“什麽極限?”琳琳似乎沒聽清楚。從她現在的表現看來,我已經可以基本肯定了,這個女孩子對生活常識極度缺乏。我真的是很難想像,她這樣的人居然也敢出來旅遊,她就不怕被別人拐走了?
“路癡。”我沒好氣地對她說了兩個字,又怕她問我路癡的意思,趕緊對她解釋道,“就是指地理知識極度匱乏的人。我覺得這樣會嚴重影響你的智力商數,如果再這麽下去,你到醫院檢測IQ的話會低於美國平均水平的。”

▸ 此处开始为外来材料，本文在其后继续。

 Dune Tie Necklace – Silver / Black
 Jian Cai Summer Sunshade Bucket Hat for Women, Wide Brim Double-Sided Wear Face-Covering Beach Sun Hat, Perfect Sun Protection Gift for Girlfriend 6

“什麽?”琳琳似乎沒有聽清楚我在說什麽。MD,看來就算我講得再直白,一次性將太多她也是接受不了啊。
“我把剛才的話總結一下吧,說起來就是一個字:笨。”我毫不留情麵地對她說道。拐彎抹角地根本說不清楚,隻有這樣直白又簡練的話她才能聽懂。
“哦。”琳琳居然還是一副茫然的表情,我有點懷疑她是不是沒睡醒。
“你‘哦’什麽啊?”我沒好氣地對她說道。
“‘哦’是代表你很壞的意思。”琳琳經典的回答再次讓我雷得裏焦外嫩,一時間愣在當場,不知道該說她什麽好。
……
我陪著琳琳在這裏養了三天病,她的身體終於算是回複了正常。這幾天來雖然我沒有對她動什麽手腳,但她似乎並不怎麽抗拒我。而且她這幾天無依無靠的,都是用我的錢來生活,所以表現得特別乖巧。我也趁著這幾天工夫,把《道藏》中的那些法術看了一遍,雖然沒有真正練習過,但關鍵時候說不定能發揮什麽作用呢。
琳琳這幾天晚上總是失眠,睡不好覺。可能是跟她脖子上的那個印記有關,每晚都需要吃安眠藥才能夠安穩地睡著。
跟她在一起的感覺還是十分累的。特別是她什麽也不懂纏著我問的時候,簡直能夠把我逼瘋掉。
終於,那天晚上當她問我關於男生某重要部位的問題時,我實在是無可奉告了,借口上廁所從她那裏逃了出來。